Giovanna Capelli (Politiche - Rivoluzione civile)

Giovanna Capelli, nata a Milano 67 anni fa, residente a San Giuliano Milanese, è l’unica esponente politica del Sudmilano assieme a Marco Rondini della Lega Nord che il Parlamento l’ha già conosciuto. Ci arrivò nel 2006, eletta al Senato nella circoscrizione Lombardia per Rifondazione comunista, suo partito dopo il Pci. Nei due anni di legislatura a palazzo Madama, fino alla caduta del governo Prodi bis, la senatrice Capelli ha presentato tre disegni di legge e ne ha appoggiati altri 63 su vari temi. Oggi Rivoluzione civile (raggruppamento in cui è confluita Sinistra Europea, ovvero Rifondazione più Comunisti italiani) candida l’ex preside al numero uno della lista unica per il Senato. La pole position è lusinghiera ma l’impresa è ardua, perché l’asticella dell’8 per cento è proprio lassù. Nel luglio dell’anno scorso Capelli è diventata segretaria del Comitato politico regionale di Rifondazione per la Lombardia.

Potesse fare una legge tutta sua appena messo piede a Roma, quale sarebbe?

«Una che abroghi tutti i tagli fatti dai ministri per l’istruzione Gelmini e Profumo alla scuola, all’università e alla ricerca. Ci vuole inoltre un piano di assunzione straordinaria per tutti i precari e le precarie “stabili”, quelli che ogni anno vengono utilizzati nelle scuole e nelle università per la docenza e la ricerca. Il bilancio dello Stato per la ricerca universitaria e l’innovazione scolastica è pari al 4,5% di tutta la spesa pubblica. Il che significa che sono più gli interessi che paghiamo sul nostro debito pubblico in base al famoso spread, il 5 per cento, rispetto alla totalità degli investimenti sulla scuola italiana».

La leadership del magistrato Antonio Ingroia non ha spostato tutta l’area di sinistra alternativa verso posizioni un pò troppo “dipietriste”? Dove cioè l’onestà soggettiva, l’etichetta di «non indagati», diventa un po’ garanzia di buone idee...

«Rivoluzione civile unisce l’attenzione alla questione sociale, all’eguaglianza e ai diritti con quella alla lotta all’intreccio fra organizzazioni criminali e politica che ormai - come si evince dal caso della giunta lombarda - è un fatto sistemico dello Stato italiano. Non si potranno mai dare uguaglianza e giustizia se non si taglia alla criminalità organizzata il legame con la politica, e non si recuperano alla fiscalità generale i proventi degli affari criminali. Non mi sembra affatto che questa contaminazione culturale possa sconfinare nel giustizialismo. È una innovazione positiva, adeguata al contesto dell’Italia attuale».

Chi è peggio, o meno peggio, fra Berlusconi e Monti?
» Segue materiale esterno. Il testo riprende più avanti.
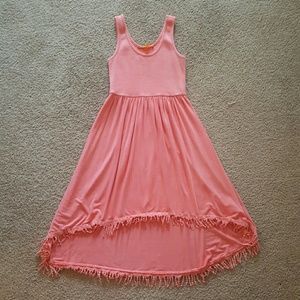 Peach pink high to low sun dress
«Uno, Berlusconi, è declinante ma pericoloso; l’altro, Monti, è in ascesa e probabilmente farà un accordo di governo con Bersani dopo l’esito del 26 febbraio. In sostanza un’asse Bersani-Monti, con quest’ultimo determinante, significa politica di austerità che continua e crisi inarrestabile. Infatti senza intervento dello Stato non ne usciamo. La crescita si avrà solo quando ci si deciderà a redigere un piano del lavoro che crei occupazione, una politica keynesiana classica ma in nuovi settori. Non l’automobile, ma la green economy. I soldi ci sono: vanno presi togliendoli dalle armi comprate dal ministero della difesa, F35 e sommergibili, dalle grandi opere inutili, dall’evasione fiscale».

Come vede la famiglia omosessuale?

«Sono per la completa parità di diritti, senza gradualità, per le famiglie di fatto, che siano queste omo o etero».

Come giudica il governo territoriale della sua città, San Giuliano, e del Sudmilano?

«Nella zona della via Emilia è stata scarsa la programmazione intercomunale. Bisogna riunire i comuni interessati per costruire un progetto di connessione dei vari piani di governo del territorio all’insegna di alcuni punti fermi: stop al consumo di suolo, difesa del Parco Sud, per costruire insieme agli agricoltori del territorio un circuito di filiera corta e di prodotti biologici e non».

Esiste ancora il socialismo nell’Europa in cui si guarda a Mario Draghi come ad un oracolo?

«La socialdemocrazia europea, guidata oggi da François Hollande, ha un programma più radicale e netto del nostro Pd. Ma non ha ancora preso le distanze dalla austerità imposta dai tecnocrati europei e dalla Bce. Ma la crisi morde anche in Francia e verranno al pettine i nodi che la Sinistra Europea - noi del Prc, Die Linke, Izquierda Unida, Blocco Portoghese, Syriza, Rossoverdi danesi e altri partiti di 26 paesi europei - abbiamo posto da tempo».